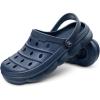 BULLIANT Men Clogs,Comfortable Mules Sandals for Men Women Cushioned Footbed Arch Support-EVA Ligthweight(Navy3739)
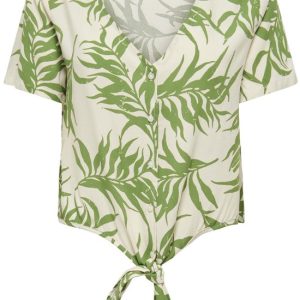 – JDYSEZEN LIFE S/S KNOT SHIRT WVN – Dames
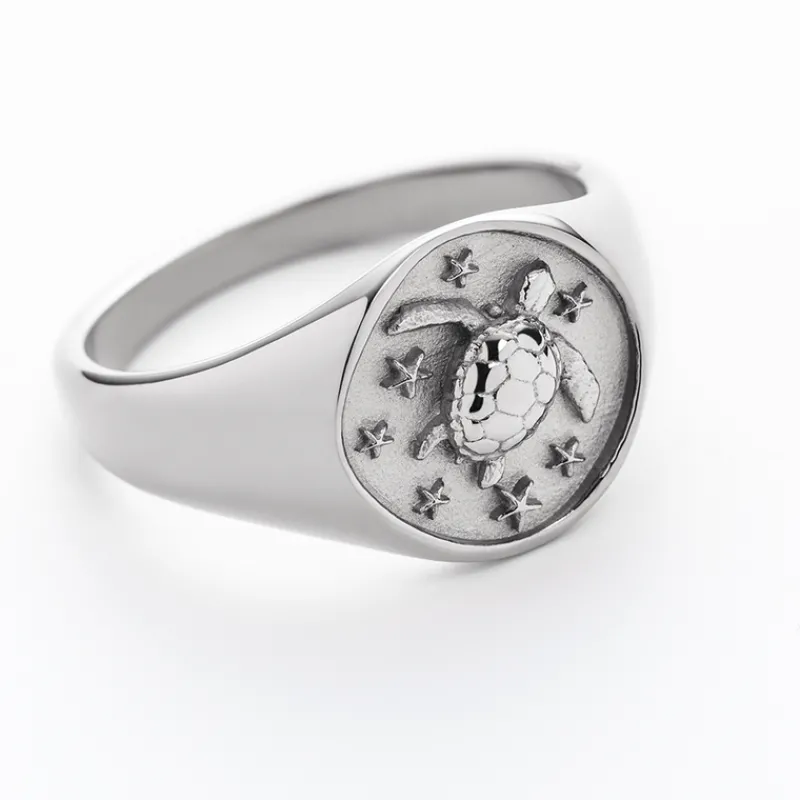 Anneaux^PAUL HEWITT Turtle Signet Bague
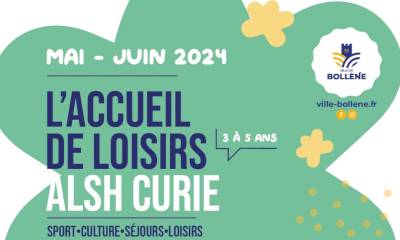 Programmes de l’Accueil de loisirs: mai et juin Programmes de l’Accueil de loisirs: mai et juin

****************************************

* _What to do_
What is needed is an exact reproduction of the data, pictures excluded.

* _Task result_
 BULLIANT Men Clogs,Comfortable Mules Sandals for Men Women Cushioned Footbed Arch Support-EVA Ligthweight(Navy3739)
 – JDYSEZEN LIFE S/S KNOT SHIRT WVN – Dames
 Anneaux^PAUL HEWITT Turtle Signet Bague
 Programmes de l’Accueil de loisirs: mai et juin Programmes de l’Accueil de loisirs: mai et juin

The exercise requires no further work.